The location is Salisbury Station which used to be open and, on this occasion I was meeting my son off a train. These days the station is a fortress, barred to non-passengers. On one occasion, I had to really argue to be allowed on to a platform to carry bags for my pregnant daughter. That seems a shame to me. I always enjoyed those platform greetings and even the departures were OK as well.

The chap standing on the track is using a gauge to make sure the two rails are four feet eight and a half inches apart. If not, trains could de-rail. I think he is also measuring the camber. We can see there is a slight curve through the station and the outer rail should be a little higher than the inner one. I’ll assume all was OK, for not long afterwards my son arrived.

Track enthusiasts will notice that the near track is composed of flat bottomed rail mounted on wooden sleepers whilst the other track is of the older (much older) bull head type with chairs, keys and fishplates. Some enthusiasts will be horrified at the weed growth through the ballast – and that certainly looks in need of a clean-up.

I wonder what it is like now. Sadly, I rarely use the train because, quite simply, the car is cheaper. My children tend to arrive by car these days and, if I do meet anyone at Salisbury I’m not allowed on the platform. So I may never know if the old rail has been replaced, if the ballast looks better and whether weeds have been removed.


February 27, 2013

I can quite enjoy a little tease with a blog title. It’s probably bad journalism, for readers don’t know what the story will be about.
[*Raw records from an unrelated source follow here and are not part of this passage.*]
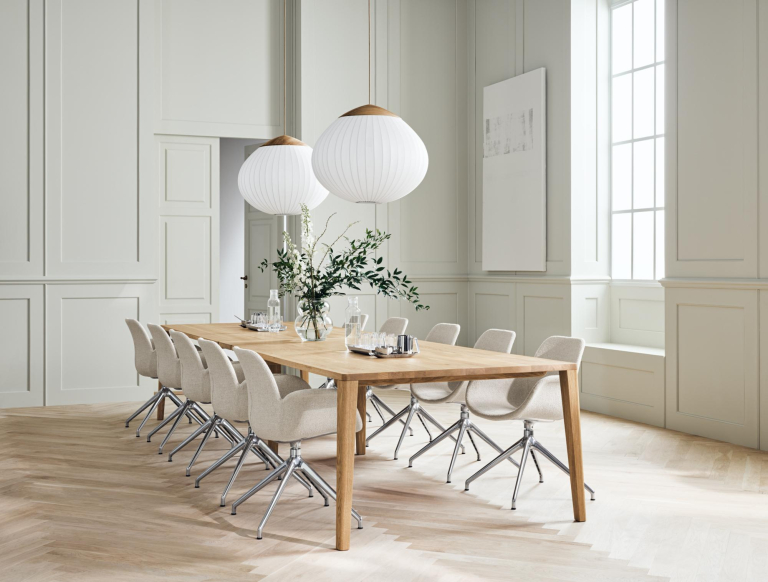 Bolia Graceful eettafel 200x105 zwart gebeitst eiken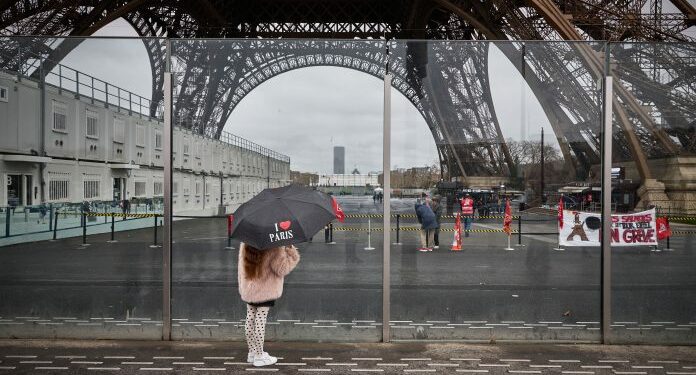Torre Eiffel cierra por tercer día consecutivo por una huelga
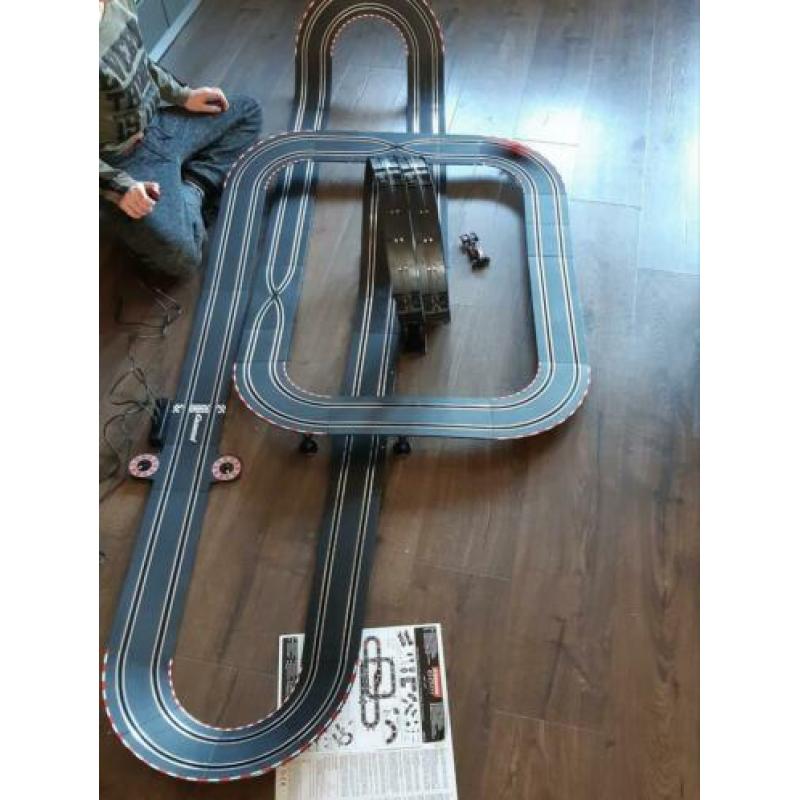 Carrera racebaan met een Mario kart!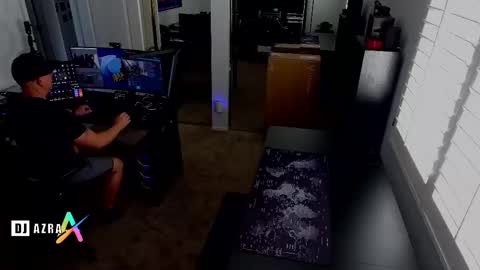 Snapshot of imdjazra chatting on 10/26/25, 09:53 DJ Azra online show from 10/26/25, 09:53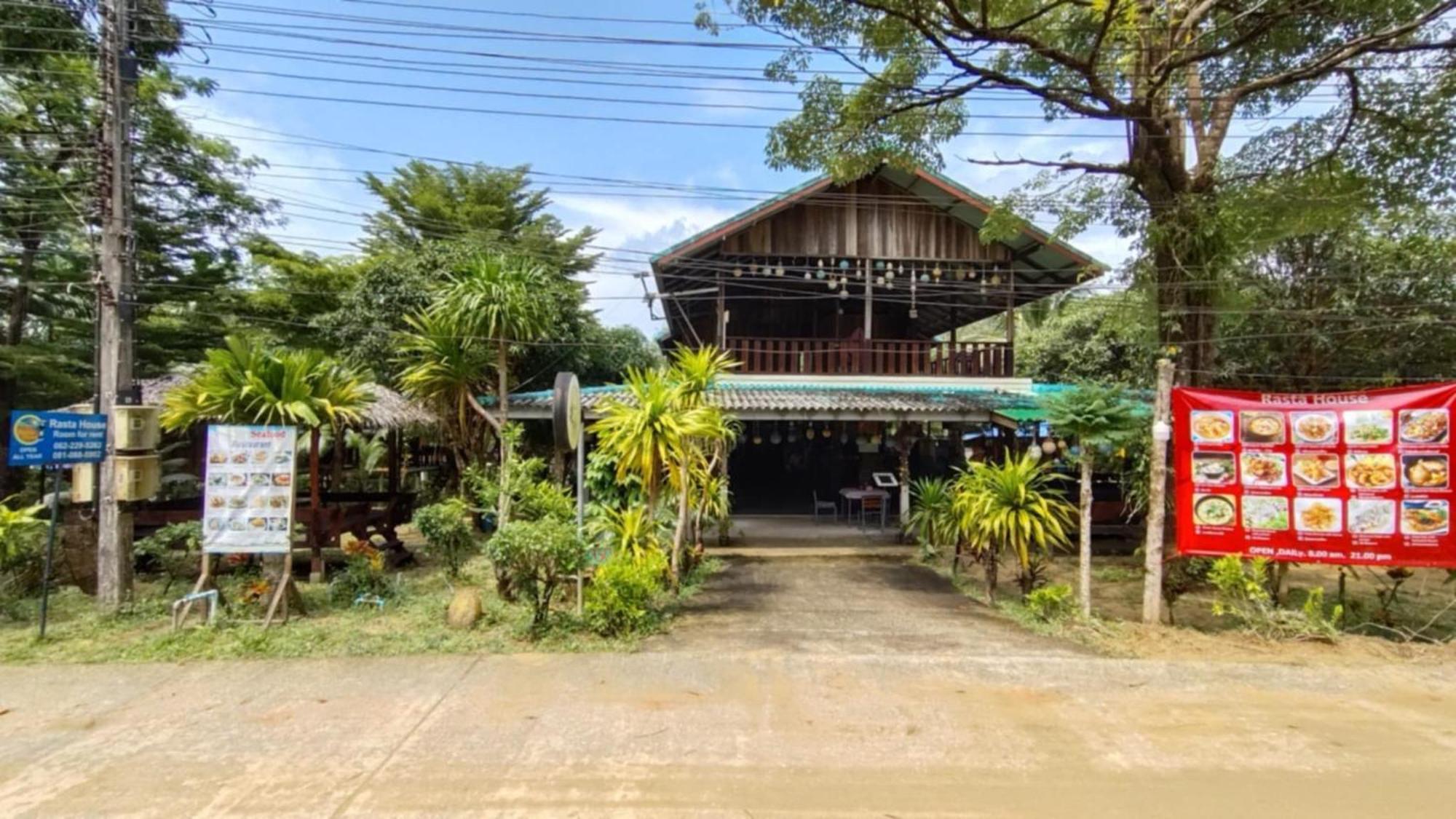 Rasta House,,Koh Phayam Hotel Bagian luar foto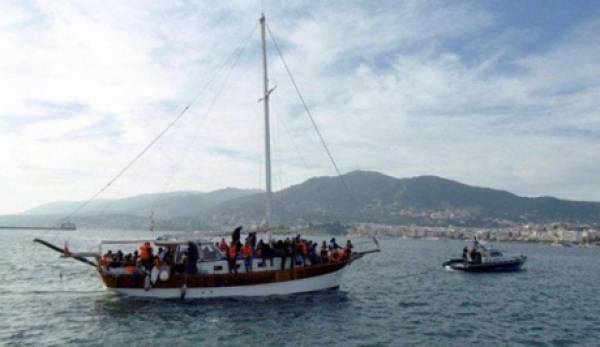Ιστιοπλοϊκό με 67 μετανάστες στο λιμάνι του Γυθείου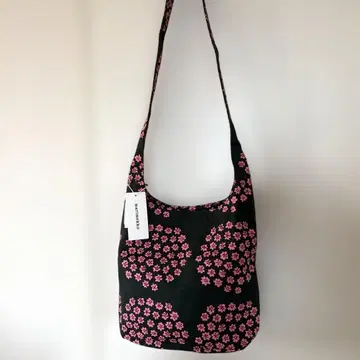 정품 택 포함 새상품 푸케티 marimekko 꽃무늬 숄더백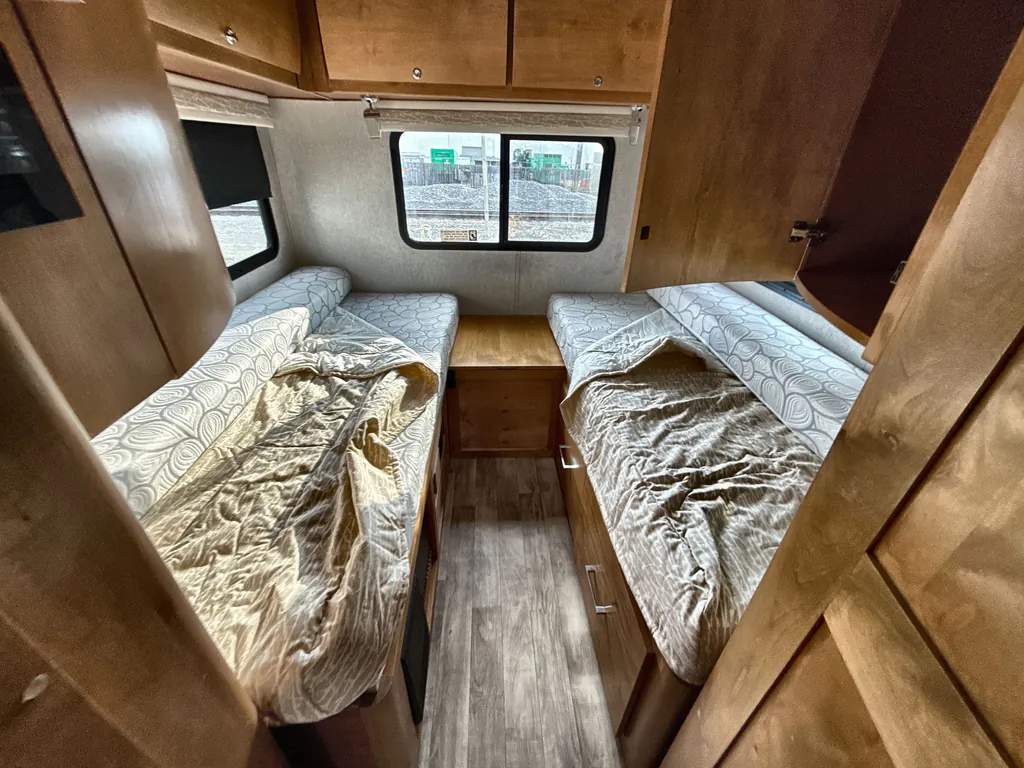2019 Tiffin Wayfarer 24 TW, Photos photo 14
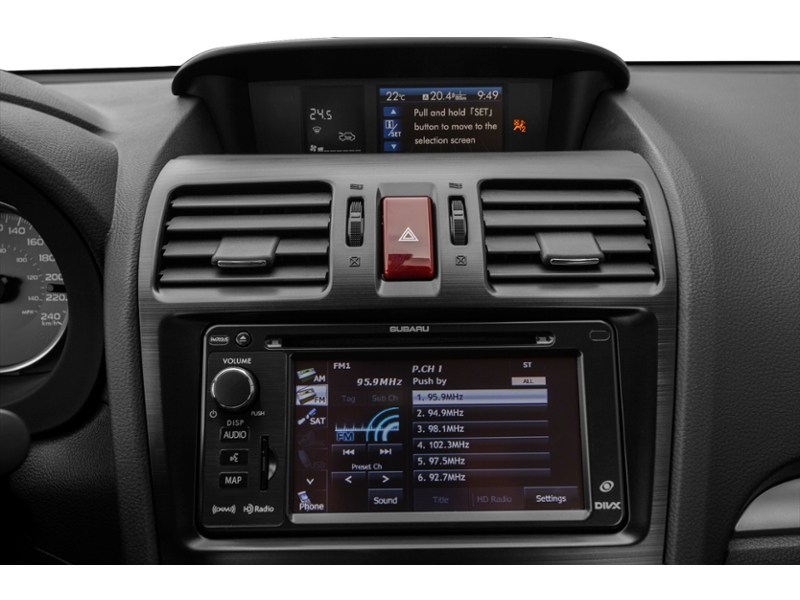2015 Subaru XV Crosstrek 5dr CVT 2.0i w/Limited Pkg Interior Shot 2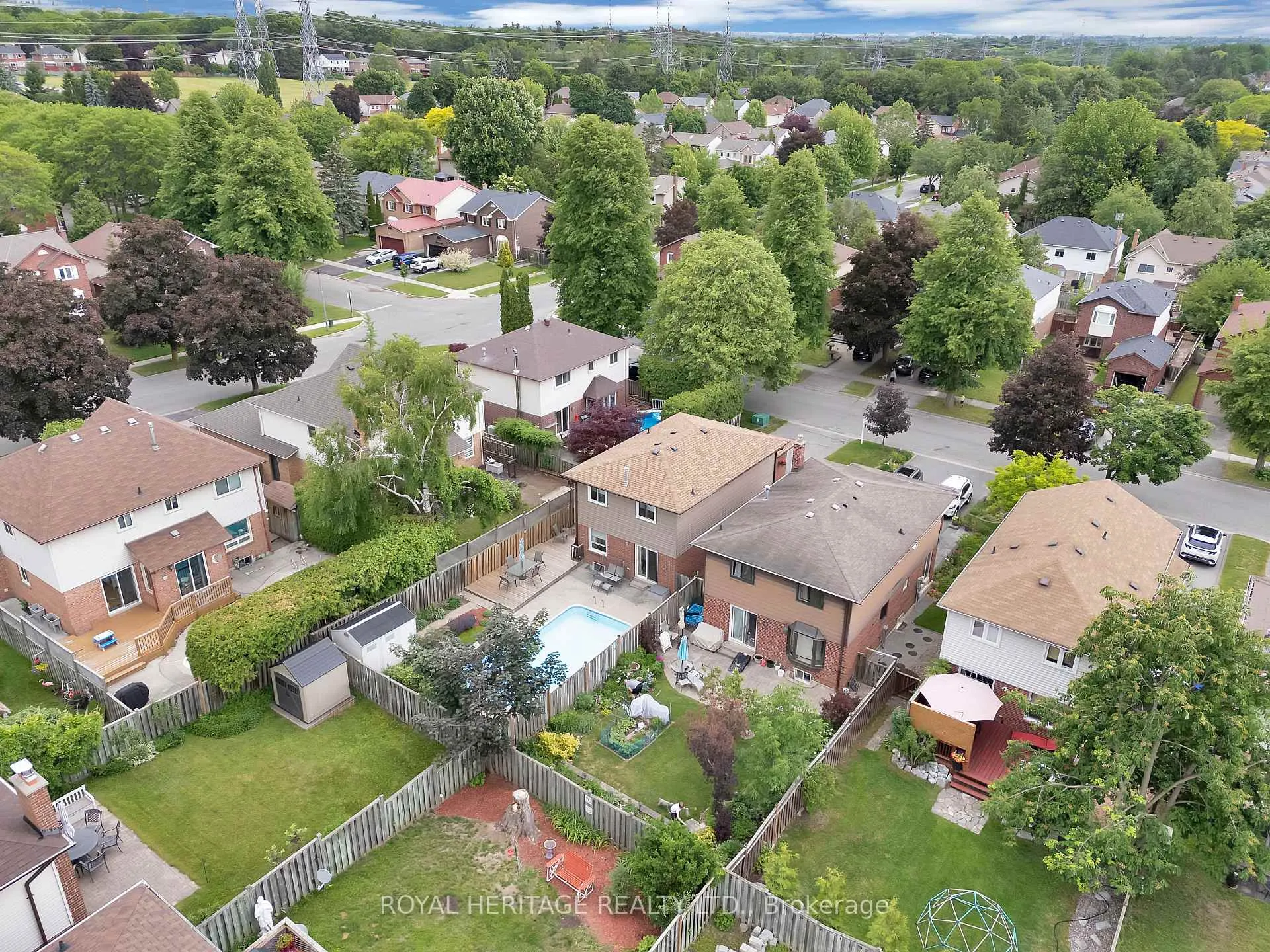 Photo 46 of 1235 Cedarcroft Crescent, Pickering, Liverpool — HOMEH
Or maybe it draws them in because they wonder what it is about.

So, ‘Puck’?

My thoughts might include a game like ice hockey where skaters hammer a chunk of rubber called a puck all over the place at enormous speeds.  No, this has nothing to do with ice hockey or any other game using a puck.

Then there’s Puck, the sprite in a Midsummer Night’s Dream. I may be a bit of a nerd, but I also know a bit of Shakespeare. Amongst performances of A Midsummer Night’s Dream I have seen was one at the open air theatre in Regents Park, London. But we are not dealing with that Puck.

Another literary Puck I ought to know more about is Puck of Pooks Hill – one of Rudyard Kipling’s Sussex tales. Sussex was the county of my birth and childhood and that book was always on the shelf at home. But although I loved other Kipling (The Just So Stories were selected by me when asked to name my favourite childhood book). Puck of Pooks Hill remained unread. So this blog is certainly not about that Puck although there just could be a connection.

This Puck with a capital P is a little bit of family history.  It was my dad’s soft toy when he was little.

He was born in 1919, some 9 months after grandad came home from the First World War. Grandad never found a land fit for heroes. We have already seen that he had to do cobbling because his real pre-war job just wasn’t available. Money was very tight and luxuries were few and far between BUT Dad had a soft toy which he called Puck. Puck is now in my possession so here he is.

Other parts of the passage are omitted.